IBM Research Introduces ‘CodeNet’: A Large-Scale Dataset Aimed at Teaching AI to Code For Machine Learning Models

If you have checked your bank account, used a credit card, gone to the doctor, booked a ticket, paid your taxes, or bought anything in a store, you’ve probably dealt with a design that depends on COBOL (Common Business Oriented Language) code. Even though it was initially introduced over six decades ago, it is still used in many mission-critical business systems worldwide. COBOL is believed to be used in over 80% of financial operations, while the US Social Security Administration uses approximately 60 million lines of COBOL code.

As COBOL programmers and developers began to retire, corporations battled to maintain their systems operationally, let alone upgrade them for the reality of the always-on internet. And this is just one of many languages that are still in use but do not reflect what current coders want to write in or what is best suited for modern commercial applications.
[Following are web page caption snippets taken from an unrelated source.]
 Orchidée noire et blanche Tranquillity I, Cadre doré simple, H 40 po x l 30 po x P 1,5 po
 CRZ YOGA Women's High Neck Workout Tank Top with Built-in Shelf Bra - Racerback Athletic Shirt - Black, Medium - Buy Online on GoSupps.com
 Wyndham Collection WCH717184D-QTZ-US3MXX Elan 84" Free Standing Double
Code language translation is one of the issues attempted to be addressed with CodeNet. It has the potential to revive methodologies for updating outdated systems, assisting developers in writing better code, and even allowing AI systems to help code the computers of the future. CodeNet is essentially an extensive dataset that intends to teach AI systems how to interpret and improve code and assist developers to code more quickly. Eventually, allows an AI system to code a computer. It comprises around 14 million code samples, totaling 500 million lines of code from over 55 different languages. It includes examples of current languages such as C++, Java, Python, and Go and older languages like Pascal, FORTRAN, and COBOL.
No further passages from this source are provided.